Ook als het speakertje dik in de limit gaat dan is het geluid niet angstaanjagend doe dat eens met een JBL eon g2 (waarvan ik er 2 heb)
dan krijg je het idee dat het ding ieder moment uit elkaar kan springen.

het geluid is vooral mooi maar ik krijg niet het idee dat er 750 w staat te knallen maarja wat wil je met een 8" en de subjes houden de topjes net niet bij (reggea) maar dat kan natuurlijk met wat lichtere muziek heel goed anders zijn.
Met spraak en muziek klinken ze stukken beter dan de andere speakers die we er naast hadden staan (zonder subje) het subje erbij maakt het geluid met muziek wel heerlijk vol maar is met spraak natuurlijk niet handig.
rondzingen doet het ding ook niet snel sterker nog daarin versloeg het dingetje de rest ook.

Kortom mooie speakertjes wel duur maar dan heb je ook wat.

GrTz

----------


## Hansound

Iemand de TT25SMA al in gebruik ? :Confused: 
Schijnt ook een prima monitor te zijn, heb hem al wel zien liggen, maar om het goed te horen moet ie eigelijk bij een houthakkerband op het podium liggen :Big Grin:

----------


## purplehaze

Wie weet waar de "add crossover" knop voor dient op de TTS18A ?
de knop 80 /110 Hz lowpass is uiteraard duidelijk.

----------


## JDSound

Hoi Purplehaze,

Het knopje "add crossover" is om de interne crossover uit te schakelen en een extrne te gebruiken.

----------


## purplehaze

aha klinkt heel logisch eigenlijk
bedankt.

----------


## Hansound

Zo  :Embarrassment:  tijd geleden,  maar ik heb de passieve versie van de TT08 gehoord.
Deze klonk toch duidelijk minder dan de actieve.
Ben nu erg benieuwd naar de passieve TT22 en TT25,  dat duurt wel lang bij die italianen :Cool:

----------


## G.flater

> Zo  tijd geleden,  maar ik heb de passieve versie van de TT08 gehoord.
> Deze klonk toch duidelijk minder dan de actieve.
> Ben nu erg benieuwd naar de passieve TT22 en TT25,  dat duurt wel lang bij die italianen



Komt door het stukje processing en actieve aansturing wat je mist bij de passieve variant. 
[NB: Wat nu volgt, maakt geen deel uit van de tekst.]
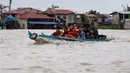 Saat ini, Filipina masih memulihkan diri dari dampak dahsyat dari Badai Tropis Wipha beberapa waktu lalu, yang menewaskan 12 orang dan membuat warga mengungsi, sementara 8 orang masih hilang. (Ted ALJIBE/AFP)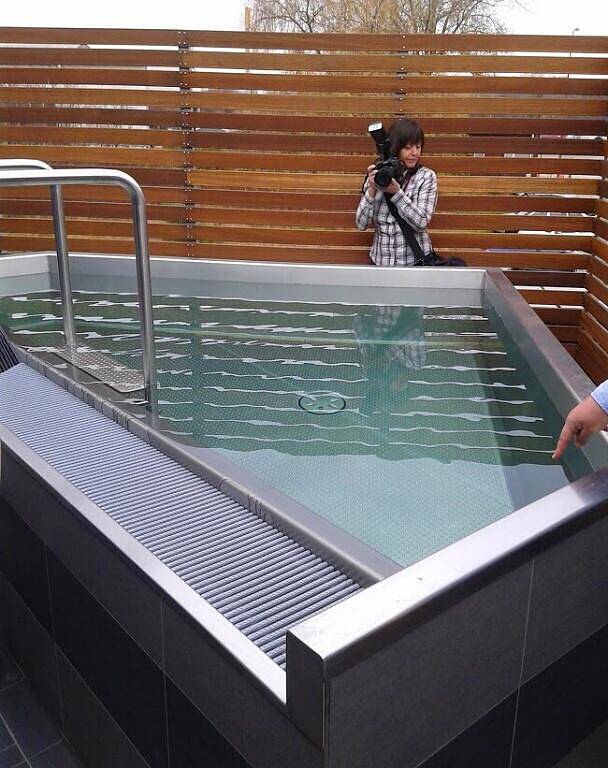 Olomoucký aquapark otevřel na terase ve druhém patře novou saunu, která rozšiřuje dosavadní wellness zónu. Investice přišla na 5,3 milionu korun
De TT08a heeft 'n DSP unit ingebouwd, waar RCF Italië helaas niet de exacte curves van wil vrijgeven.. En reken maar dat daar een paar mooie curves tussen zitten om die 8"er zo te laten pompen! 

Verwacht bij de 12" & 15"er eigenlijk niet een veel anders resultaat.. Zou het eerder zonde vinden van deze mooie kasten om dat stukje DSP er niet aan toe te voegen.. Mede omdat het originele ontwerp hier wel op gebaseerd is.

----------


## Suy

> hallo, ja ja maar welke tt's heb je gevlogen
> willen de mensen die in belgie wonen en RCF 4pro, of tt's bezitten mij eens een mailtje sturen, dit in verband met het soms bijhuren
> van materiaal  mvg eddie



Hallo eddie,
Wij wonen in Belgie (Antwerpen) en hebben de RCF 4pro 8001 subs en 7001, ook Art325. 
Ik wil je wel mailen maar zie geen e-mailadres in je profiel. Je kan mij wel mailen (zie website). Ik hoor het wel moest je interesse hebben.
groetjes
Suy

----------


## free time

hoi.

wil zelf de tt25a en tt18a combi aanschaffen.
voor hoeveel personen is deze set geschikt?
is voor drive in [top40]

2de vraag hoeveel zou dat zijn voor een tape act.

ik weet moeilijk,
 maar hoop op een eerlijk antwoord van de tt bezitters.

mvgr

----------


## Hansound

Voor je iets koopt,  ga eerst luisteren naar het verschil tussen de TT22a en TT25a,  je zult zien dat de TT22a veel beter klinkt en bijna net zo hard gaat.
Ook in het laag scheelt het niet zo veel.  :Cool:

----------


## JDSound

Hoi,  Even ter info, daar ik zeer tevreden ben over mijn setje 2 x TT25A en 2 x TTS18A heb ik nog een setje bij aangekocht en nu naar gas geven...

----------


## Hansound

Inderdaad, voor gasgeven is het een ideale set :Cool:

----------


## subbass

> Geen rugklachten meer, *RCF TT* is de oplossing



tijdje geleden was het nog de slogan voor KV2  :Big Grin:  What happened  :EEK!:

----------


## Hansound

Fijn dat je zo goed oplet :Big Grin: 
Mischien gebruiken we ook andere merken :Roll Eyes (Sarcastic):

----------


## subbass

> Fijn dat je zo goed oplet



Soms heb ik zo mijn momenten :Big Grin:

----------


## Hansound

Maar het gaat over RCF TT speakers, en die(TT22a) gebruiken we nu ruim een jaar met veel plezier, circa 100 klussen mee gedaan en geen centje pijn.
Ook leuk als monitor, staat naast een max op het podium, zegt die leuke bekende saxofoniste, die kleine klinkt veel lekkerder  :Big Grin:  :Big Grin:

----------


## JDSound

Mooi, ik gebruik de ART525 als monitors, weegt iets minder en is iets goedkoper, voor de kleinere job's in kroegen enz... gebruik ik de Mackie SRM150.

----------


## frederic

Heb vanacht in een middernachtmis gespeeld met onze band en wat zangeresjes. De PA had 2x TT25A en 2x TTS28A met een Chost mengtafel.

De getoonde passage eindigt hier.